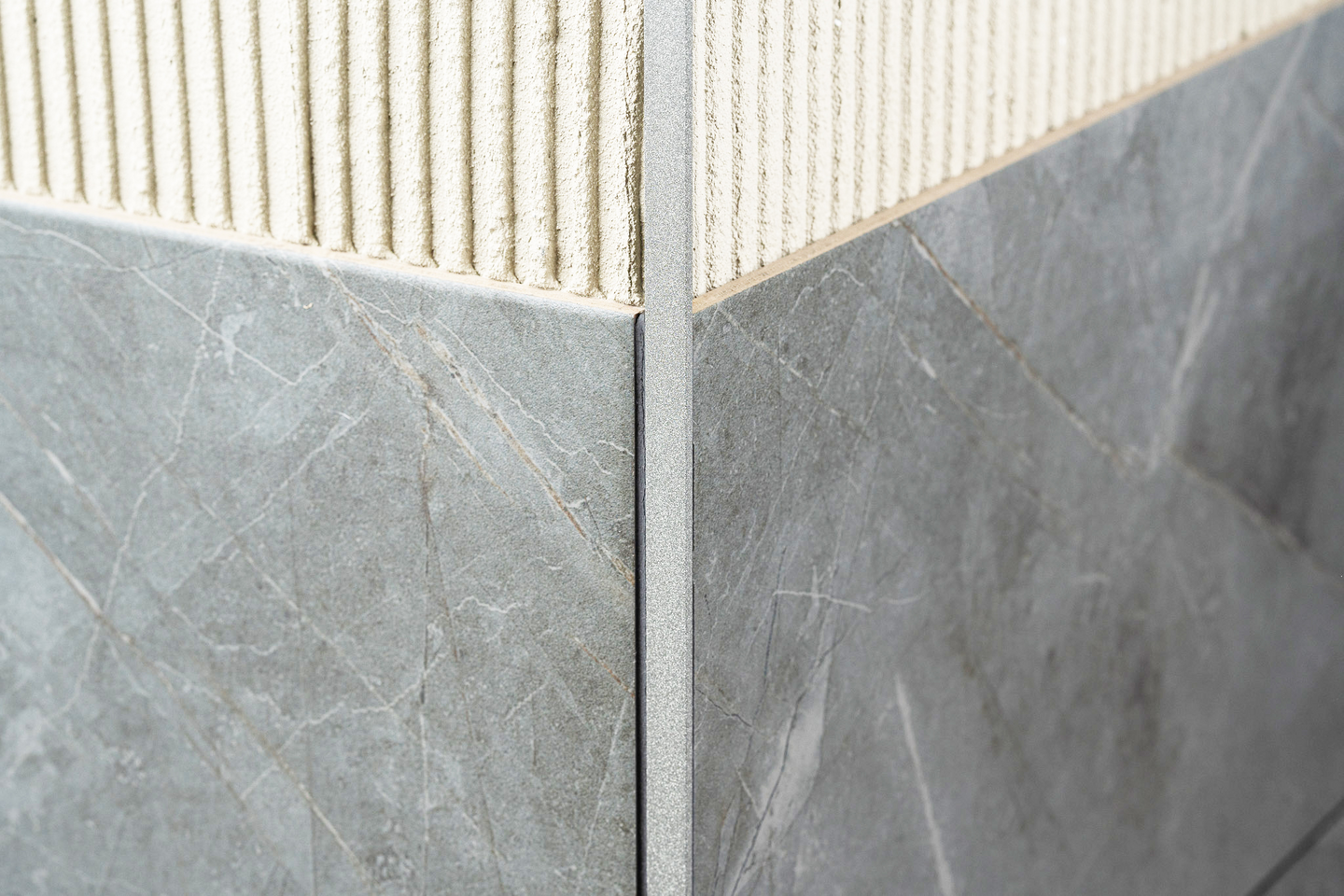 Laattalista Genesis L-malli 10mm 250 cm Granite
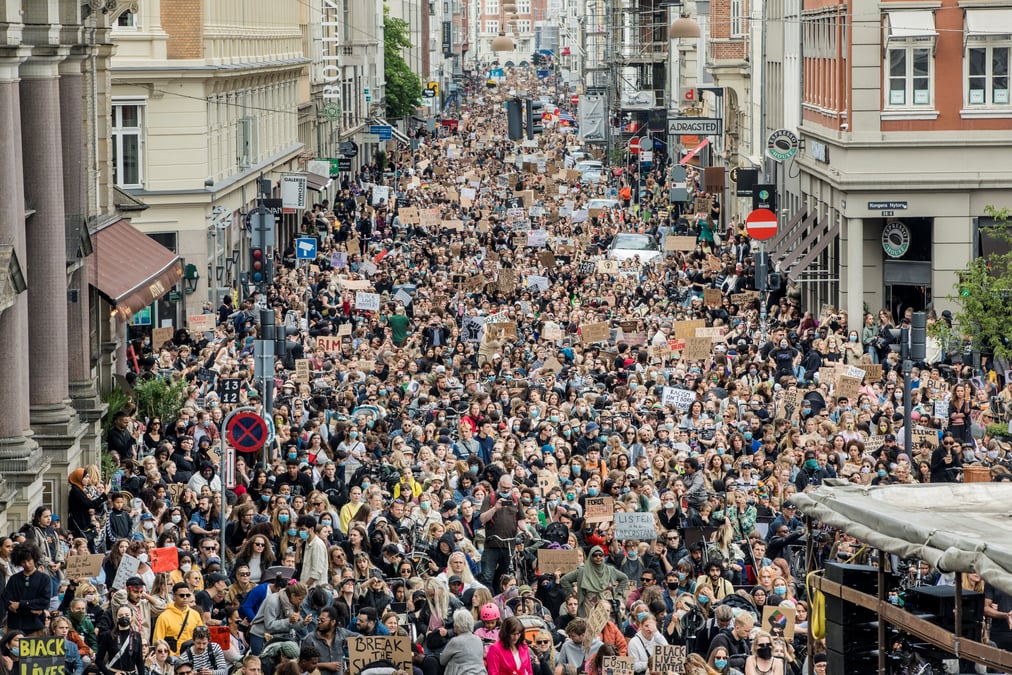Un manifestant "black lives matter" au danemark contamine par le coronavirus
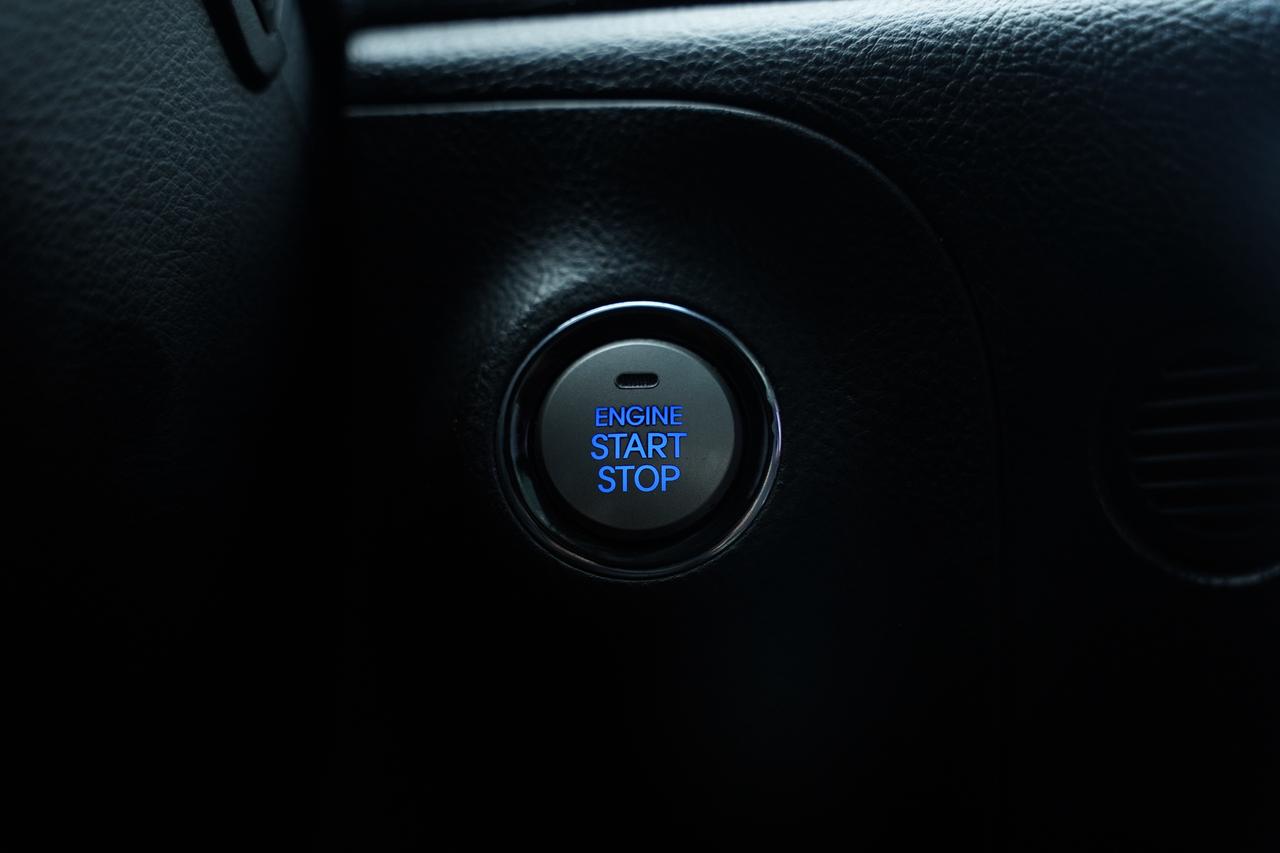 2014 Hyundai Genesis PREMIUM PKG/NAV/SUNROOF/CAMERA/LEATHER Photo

> _DIRECTIONS FOR THIS TASK_: Starting with the line that holds "par le coronavirus", copy every line exactly through the final line of the material, but skip the pictures.

> _TASK SOLUTION_:
Un manifestant "black lives matter" au danemark contamine par le coronavirus
 2014 Hyundai Genesis PREMIUM PKG/NAV/SUNROOF/CAMERA/LEATHER Photo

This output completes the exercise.